Kurt Struver: We are the only full-summer camp specifically for kids with cancer. We got started 22 years ago and serve 300-400 campers each year. We have now seen literally thousands of kids come through our camp. They do everything and anything that any kid does at summer camp. At all times we have a doctor and two to three nurses from Memorial Sloan-Kettering who volunteer their time, as well as a staff nurse who is there for continuity.

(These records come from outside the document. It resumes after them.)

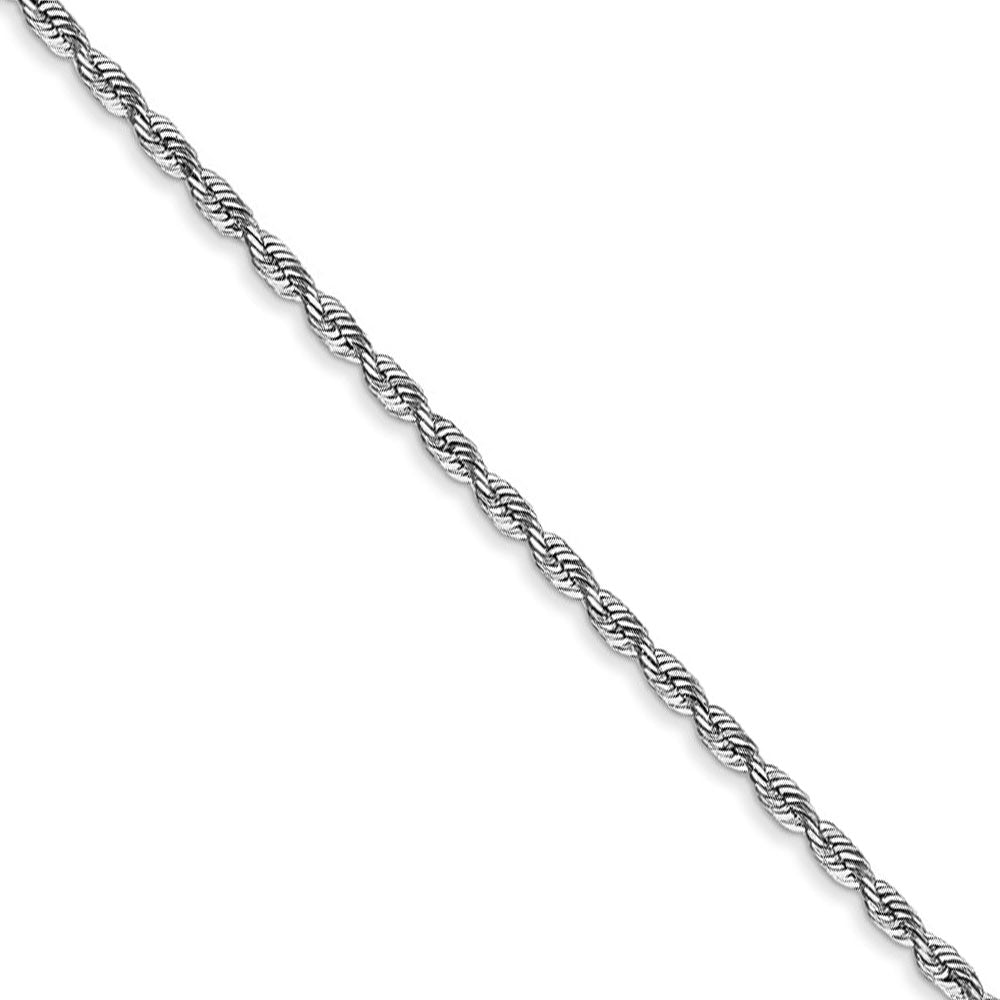 1.8mm, 14k White Gold D/C Quadruple Rope Chain Necklace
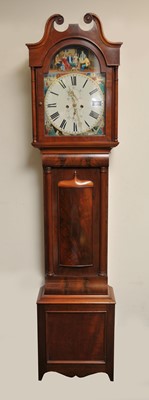 Lot 295 - A 19th century mahogany longcase clock, the...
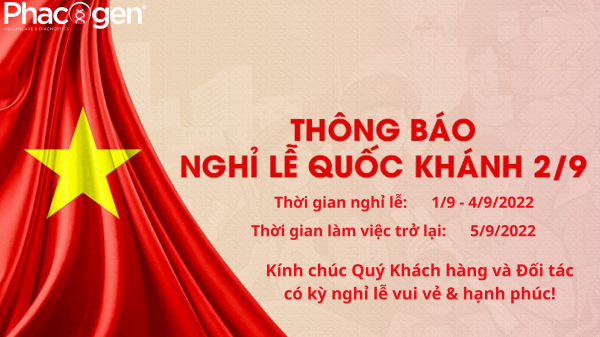 Thông báo lịch nghỉ lễ Quốc khánh 2/9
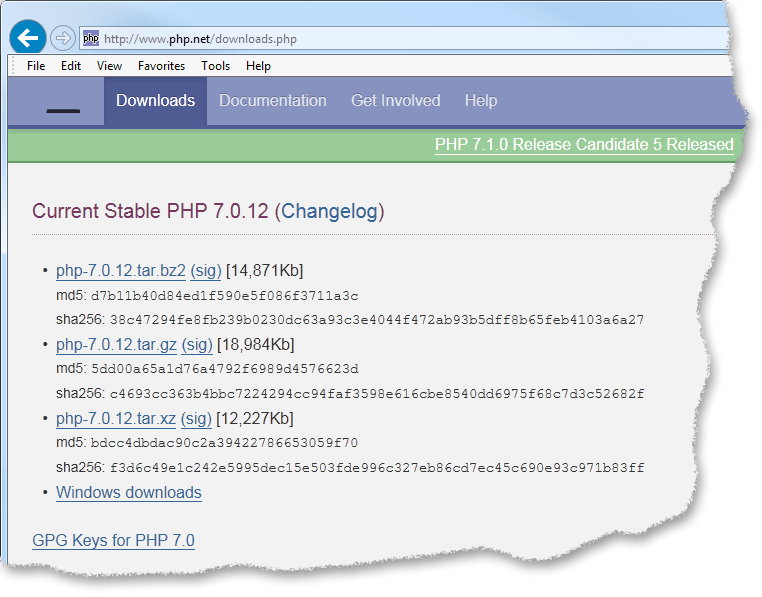 Install PHP 7 with the PDO Extension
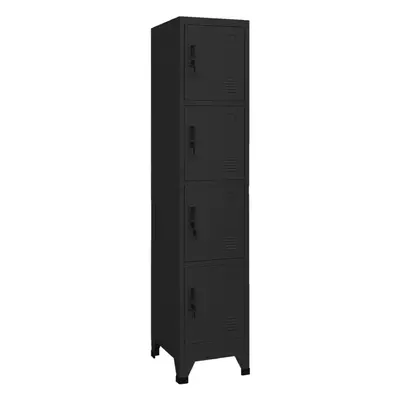 vidaXL Locker Cabinet Black cm Steel Storage Home Office Cabinet Furniture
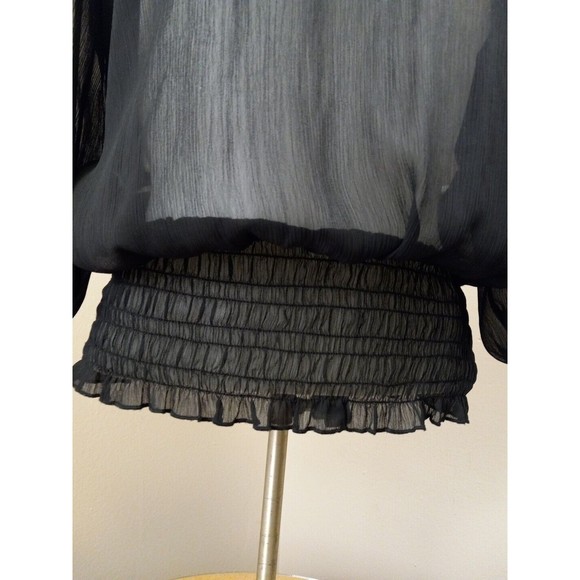 Guess womens Total sheer 3/4 sleeve Blouse‎  size small - Picture 4 of 14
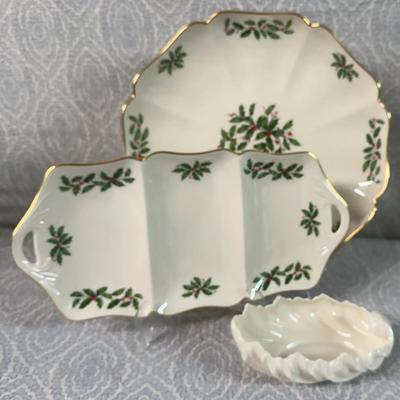 Lenox Christmas Platters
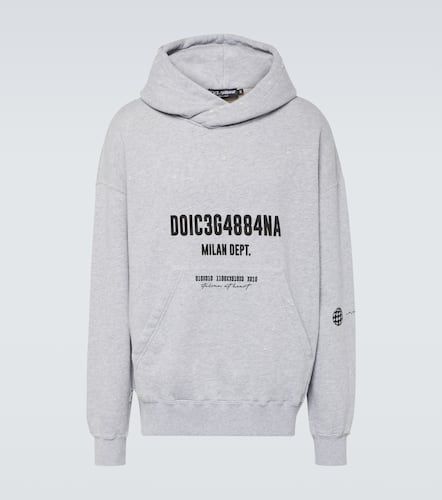 Sudadera de algodón estampada con logo - Dolce&Gabbana - Modalova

My father played a big role in founding the camp, so I grew up going to the camp, working in the summers, and became more and more involved through the years. Now I serve as executive director of Happiness Is Camping, which is the kind of job that helps you keep your life in perspective.
Give & Take: I understand that your organization was particularly affected by the turmoil of last fall.
Struver: September 11 touched everyone in the country, of course, but for the last 11 or 12 years Julie McMann, a pediatric cancer nurse from Memorial Sloan-Kettering, has been coming to camp as a volunteer. About 10 years ago at the camp she met her husband, Bobby, a firefighter in New York who volunteered at the camp for a week each summer. He and Julie fell in love, got married, had a baby, and then he was one of the first firefighters at the scene on September 11 and, sadly, did not survive. Julie now has their second son, who is about five months old, and will be at camp again this summer for a week as a volunteer.
Julie is unbelievable. At one point she called us up and said that since the camp meant the world to Bobby, she wanted whatever donations she gets in Bobby’s name to go to the camp. As a result, we have seen a substantial amount of money donated to our camp. Bobby was a special guy. We miss him a lot.
Give & Take: I imagine you have a very devoted donor base.
Struver: We do. It’s incredible. I don’t even think of them as a donor base. They’re more like a family.
Give & Take: What have you found to be the most successful way to communicate with your donors?
Struver: We’re very small. We only solicit gifts from about 1,800 people, and each time we do a mailing we get about a 20% return. Our mailings are unlike any others you will see. Our letters are all anecdotal. We tell stories—about us, about the kids, about the camp—and people come to know us and respond to us in a generous way.
Each fall we make a year-end appeal using year-end brochures we get from Robert F. Sharpe and Company. We accompany those with a letter asking people to be generous in the season of giving, and we get a great response from our friends.
Give & Take: As someone who has been so successful in forming strong relationships with your donors, what advice would you give someone just starting out in the field of development?
Struver: Be passionate about what you do. I think my love for the kids and the camp comes across. I don’t know how it couldn’t. I don’t think I’ve ever met anyone who has come to the camp or heard about what we do who hasn’t fallen in love with the charity and tried to become part. If you really have a love for what you do, it’s going to come across.